If no one is out there filming, there’s nothing to contradict the official version later. No videos. No documentation. No proof when the story shifts. As we talked about, the people protesting don’t have the power to enforce accountability, but they are often the only ones creating a record of what actually happened.
That matters when language starts changing. Protests become “riots.” Protesters become “agitators.” Violence gets reframed as necessary force.
This Is How Change Has Always Been Treated
None of this is new. Protest has always been framed as the problem in the moment. Civil rights activists were called dangerous. Marches were treated as threats. People were told to wait, to be patient, to stop causing trouble.
And looking back, it’s easy to say those protests worked. In the moment, they were dismissed the same way they are now.
Change didn’t happen quickly. In many cases, it took decades. People who pushed for it often didn’t live to see it. That doesn’t mean it wasn’t necessary. It means it wasn’t convenient.
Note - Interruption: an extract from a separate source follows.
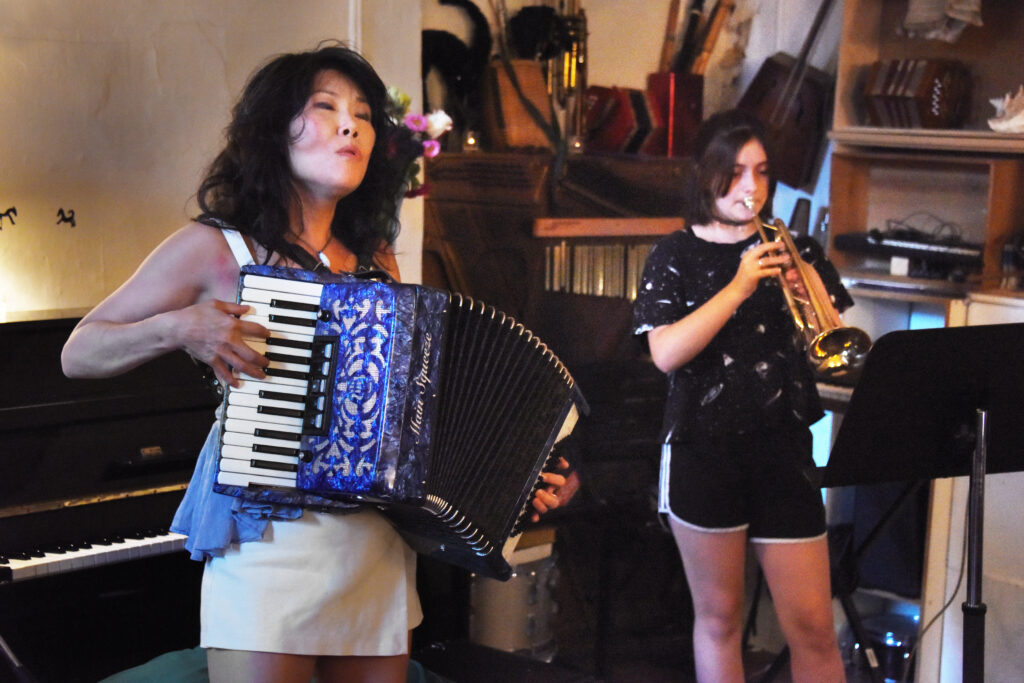 Lila Eaton on trumpet and Susan Hwang on accordion at the video release event for "Psalm to Aviation 58" based on the poem by Serhiy Zhadan.  The release event included live performances from Susan Hwang with Marlon Cherry on percussion and Lila Eaton on trumpet.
Protest Isn’t About Feeling Effective
We were honest about the frustration. Protesting doesn’t always feel like it does anything. Paying attention is exhausting. Watching this unfold, week after week, wears people down.
But disengaging doesn’t make the system less violent. It just makes it easier to ignore.
When people say they “don’t do politics,” what they usually mean is the system doesn’t disrupt their lives enough to demand a response. That’s not neutrality. It’s distance.
And that distance disappears quickly once harm gets close enough.
Bearing Witness Still Matters
We didn’t end the episode with a clean answer. There isn’t one. Protest doesn’t guarantee change, and silence doesn’t protect anyone.
But history is clear about one thing: staying quiet has never been what moved things forward.
Protest matters because it forces harm into the open. Because it creates a record. Because it refuses to let violence happen in the dark.
And because peace that depends on ignoring what’s happening isn’t peace at all.